Health Economics & Reimbursement Strategy
For more information, reach out to our Innovator Support Lead:
Dr. Julia Berzhanskaya
Dr. Arnold helps innovators understand health economics considerations:
- How much does an episode of care currently cost?
- What impact will your product/service have on this figure?
- How do you plan to quantify the improvement in health outcomes purported by use of your product/service?
- Resource use, improved quality of life (QoL), length of stay (LOS), etc.
- If there is a QoL aspect, do you plan to use it for an indication?
- What is/are your health economic endpoint(s) with different stake-holders?
- e.g., Cost avoidance, cost savings, cost-effectiveness
- What/who will be the focus/foci of your sales pitch?
- Will the buyers be users and/or sales influencers, e.g., hospital administrators, KOLs?
- Do you plan to try for reimbursement from non-U.S. countries' health technology authorities? If so, how?
Dr. Arnold has an expertise on following important health reimbursement considerations:
- What entity(es) will be the buyers of your product/service? (Hospitals, pharmacies, physicians, patients, other)
- How will the buyer fund (or be reimbursed for) this purchase?

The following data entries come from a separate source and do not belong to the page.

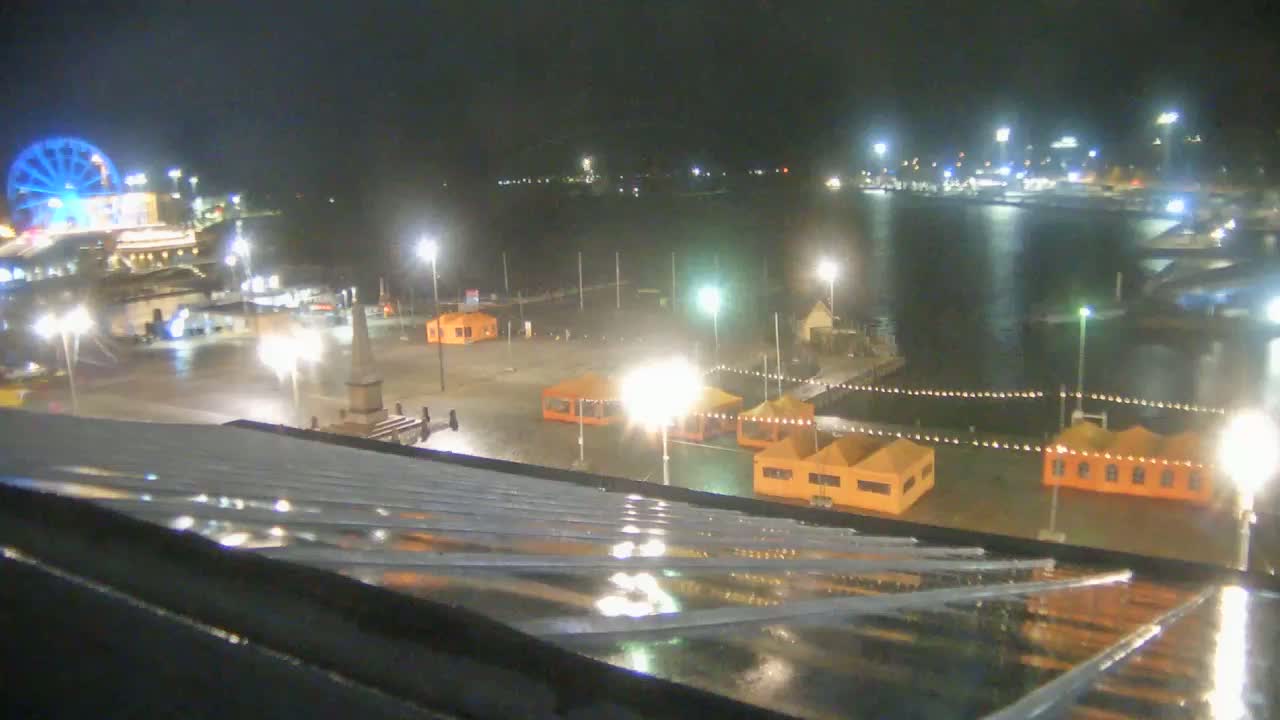 A rain-slicked rooftop overlooks a nighttime harbor scene with a Ferris wheel, illuminated tents, and a body of water under a dark sky.
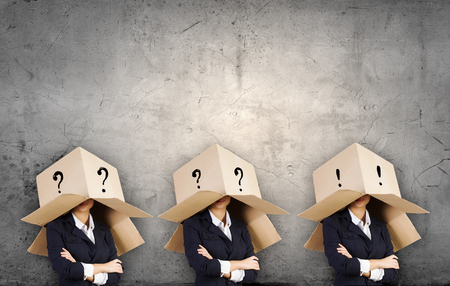 Business people with carton boxes on headの写真素材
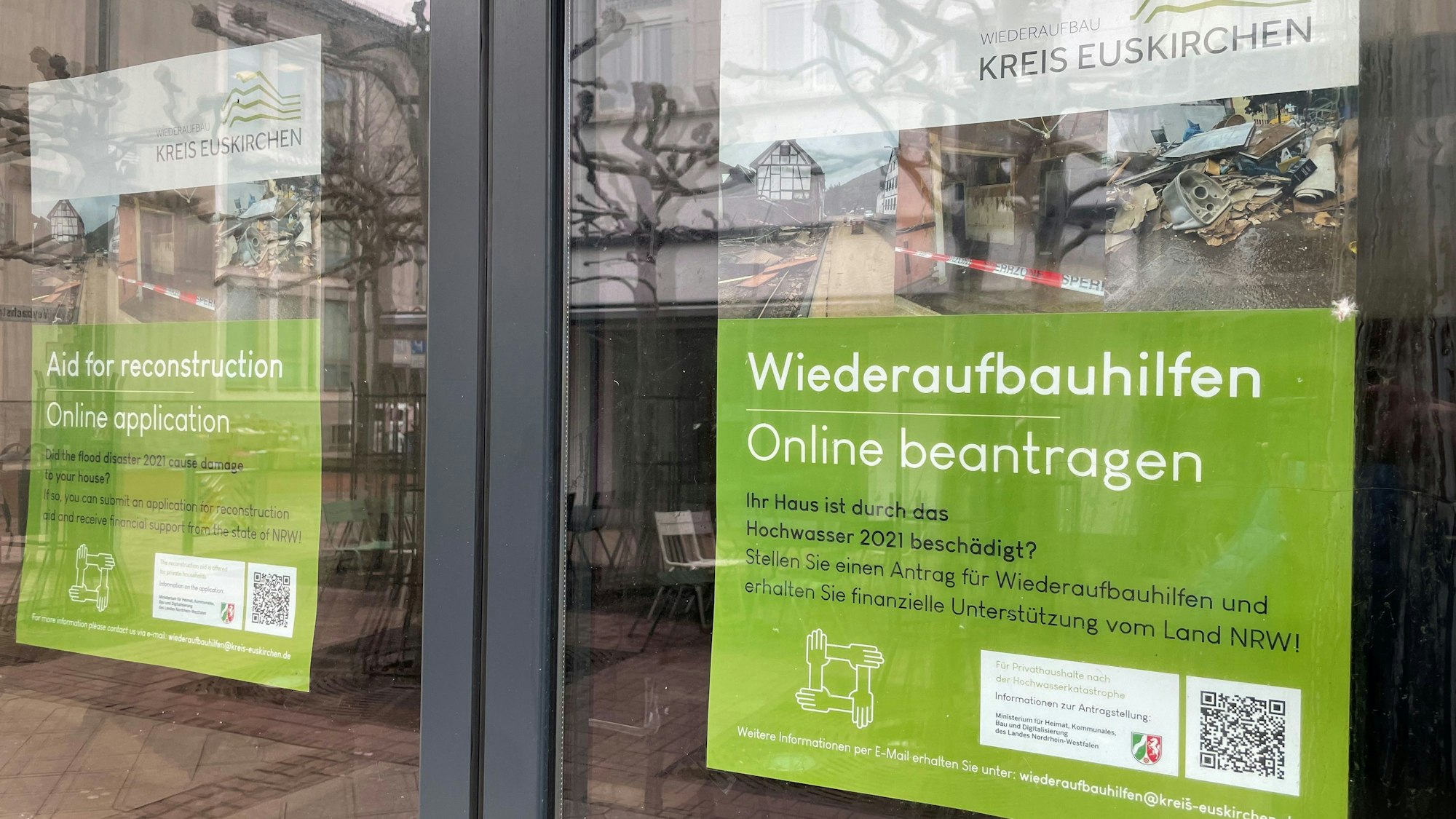 Das Bild zeigt zwei Plakate in einem Geschäft in Euskirchen. Sie weisen auf die Wiederaufbauhilfe des Landes hin.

- Line-item reimbursement from insurers: Do insurers' coverage policies exist? Do appropriate reimbursement code(s) already exist? If yes, how much do they pay? If no, what is the plan for seeking new codes?
- Part of a global payment, e.g., a non-line-item payment system like Medicare DRGs or APGs
- Cash payment by the patient
- Does your product/service fit within an integrated delivery systems (e.g., Kaiser Permanente, VA) and ex-US payment systems?
About Renée
Dr. Arnold is currently President & CEO, Arnold Consultancy & Technology, LLC, where she oversees outcomes research and develops affiliated software for pharmaceutical and government programs. Her special interest in evidence-based health derives from her research that deals with use of technology to collect and/or model real-world data for use in rational decision-making by healthcare practitioners and policy makers. Renée is also Adjunct Professor, Master of Public Health program, Department of Environmental Medicine and Public Health at the Icahn School of Medicine at Mount Sinai, New York, New York, where she has developed and teaches the pharmacoeconomics coursework. Renée completed her undergraduate training at the University of Maryland and received her Doctor of Pharmacy degree from the University of Southern California in Los Angeles. She also completed a post-doctoral residency at University Hospital in San Diego/University of California at San Francisco School of Pharmacy.